Every year Ontario experiences more than 700 forest fires, affecting more than 120,000 hectares of woodland.
Finding those fires and alerting fire rangers is a daunting task in a province as large as Ontario. But UTIAS Professor Hugh Liu thinks he may have a solution – UAVs – pilotless airplanes armed with thermal cameras.
Professor Liu, who heads the Flight Systems & Control group at UTIAS, is putting his theories to work, with the help of Ontario’s Ministry of Natural Resources and Brican Flight Systems of Brampton. Recently, he and his graduate students tested their system – a Brican-built plane equipped with a thermal camera – at MNR’s Burwash Training Centre. The test was a great success, Liu said. “Ten fires were randomly set up by MNR, and the UAV managed to detect 9 out of the 10. The only reason it didn’t detect the 10th was that we ran out of time – our current detection software only records for one hour.”
Video courtesy of Ontario Ministry of Natural Resources.
Liu said he was pleased with the results. “It demonstrates a fully functional proof-of-concept system for monitoring forest fires using UAVs,” he said.
More tests of the pilotless fire spotting planes are planned, Liu said, including, possibly, participating in real fire-monitoring missions.

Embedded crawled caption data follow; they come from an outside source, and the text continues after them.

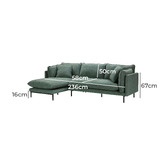Temple &amp; Webster Ocean Green Bellamy 3 Seater Sofa with Chaise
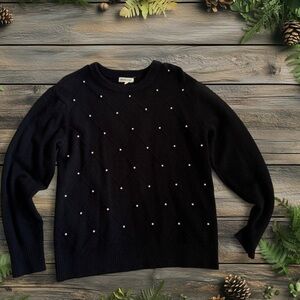 Elegant Black Sweater with Pearl Details
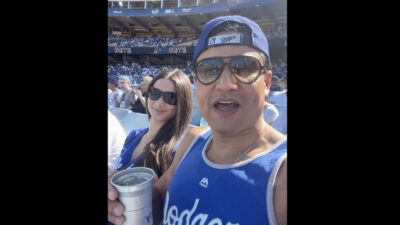 Mario Lopez at a Dodgers game with his niece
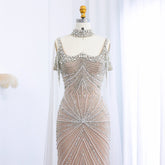 Sharon Said Luxury Tassel Silver Nude Mermaid Evening Dress with Cape Chocker Dubai Women Formal Party Gowns SS158 Customized Beauty hair & fashionfj
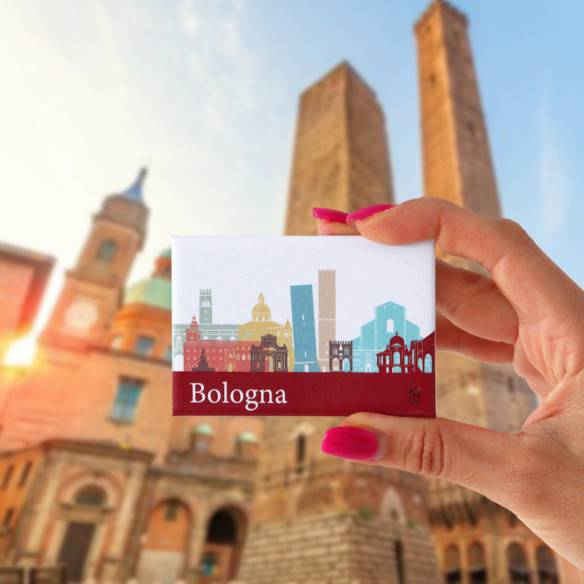 Kalamitica Calamita Design Skyline BOLOGNA - Magnete Decorativo per Frigo e Lavagna In Linea
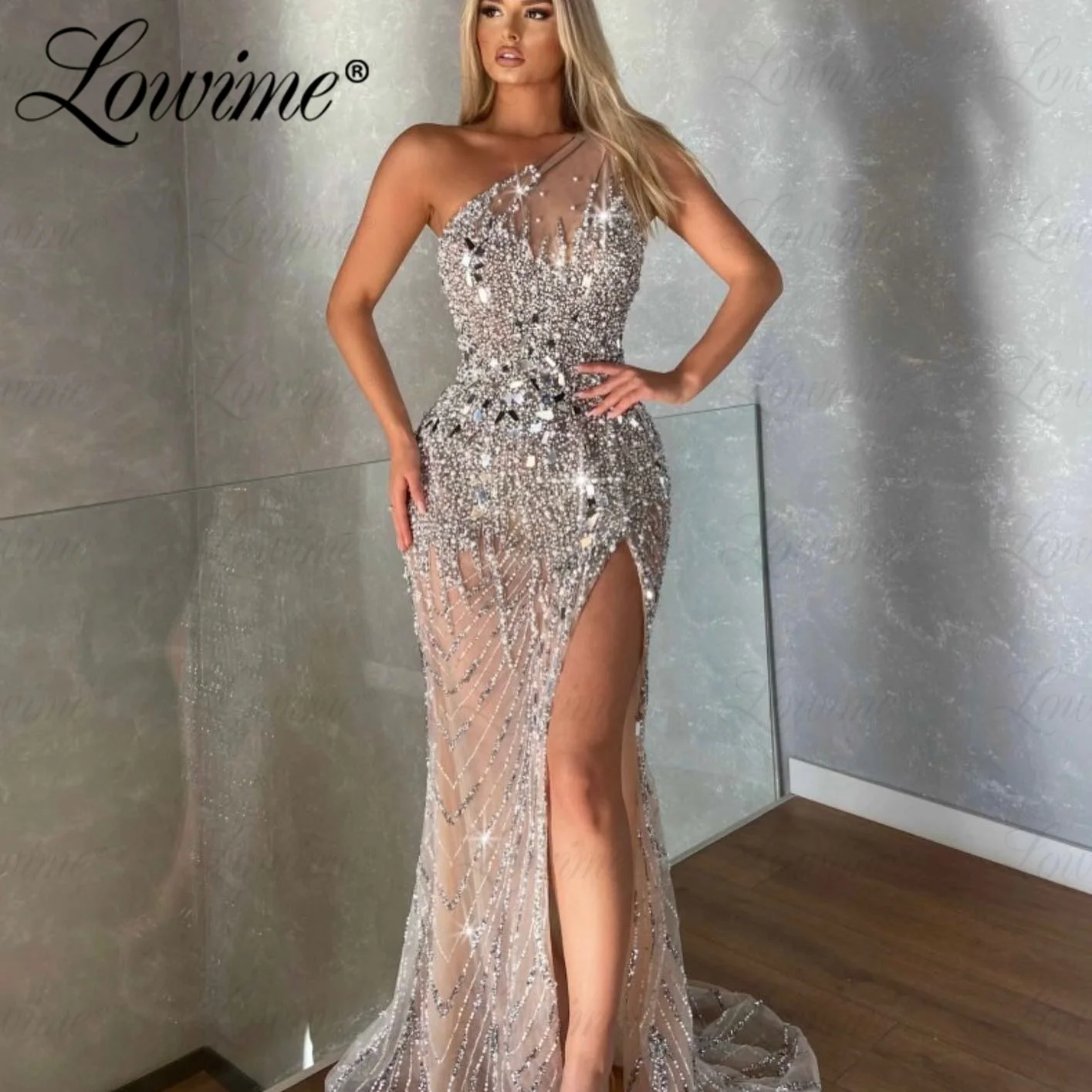 Couture Silver Long Dress Evening Gowns 2023 Beads Stones Handmade Crystals Long Split Luxury Celebrity Dress Prom Party Dresses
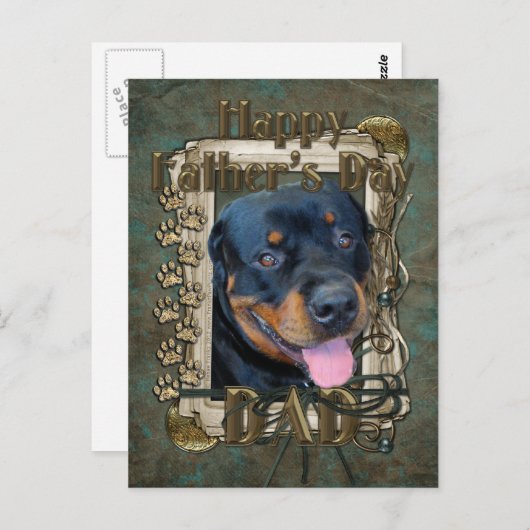Vatertag - Stone Paws - Rottweiler - Harley Postkarte (Vorne/Hinten)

Liu’s research focuses on autonomous flight for UAV and multi-UAV systems. “I was looking for potential applications for the systems, especially in civil and commercial aviation where I believe UAVs can play significant. Wildfires have been in the news, and after talking with U of T Forestry professor Brian Wotton, I realized that there is a great opportunity where we may apply the technology with obvious social and economic impact. “It would be such a satisfying and rewarding experience if our technology can contribute to fire management and to serve the community directly.”